Eyes locked with his, she took a long deep breath and let it out before answering. “Okay.”
“Okay you’ll come, or just okay?”
She sighed, playful and exasperated, then she smiled, and it hit him like a blow to the chest. “I’ll try.”
He got the distinct impression that trying would be more than just a matter of working out other engagements, and that odds were high she wouldn’t come. He kissed her cheek, letting his lips linger against her soft skin. He didn’t want to pull back, had a hot vision of pushing forward. But he straightened and opened her door, feeling another twinge of doubt when she slipped inside.

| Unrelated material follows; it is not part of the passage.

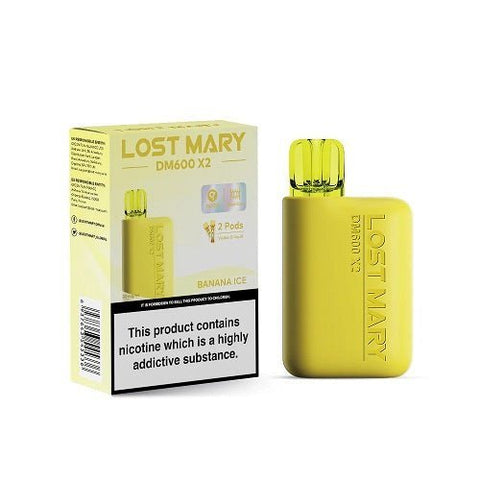 Pack of 5 Lost Mary DM600 Disposable Pod Device - 1200Puffs - Eliquid Base-Banana Ice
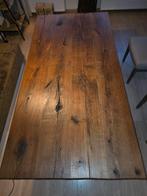 Zware massief eiken kasteeltafel 200x100 cm, Ophalen, Eikenhout, 50 tot 100 cm, Zo goed als nieuw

As she drove away, he thought about his invitation. He did want her to come, that hadn’t been a lie. But it wasn’t the only reason. His brother Matt had made it his personal mission to bring Stephen back into the family fold.
It was hard to rebuild bridges, even harder to cross them. But maybe with Hannah, shy and sweet, he could at least appear more together than he was. It never hurt to take a little diversion in the form of a beautiful woman.
“So what do you think?” Matt asked.
Stephen stood in his brother’s home office, plans for Matt’s new renovation project laid out in front of them. “It’s good.” But neither Stephen’s eyes nor his mind were on his brother’s plans just now.
Matt’s weren’t either. He could feel his big brother studying him as he leaned over the desk. Stephen knew what his brother saw. Eyes that weren’t as haunted, not as wild with anger. But there was also no real joy, just a tired void.
Little remained of the old Stephen since he’d lost his fiancée almost five years ago. He smiled at the camera for the society page, but he figured Matt saw the emptiness behind it as only a brother could.
Stephen angled his head and looked back over his shoulder. “You going to be staring at me all night?”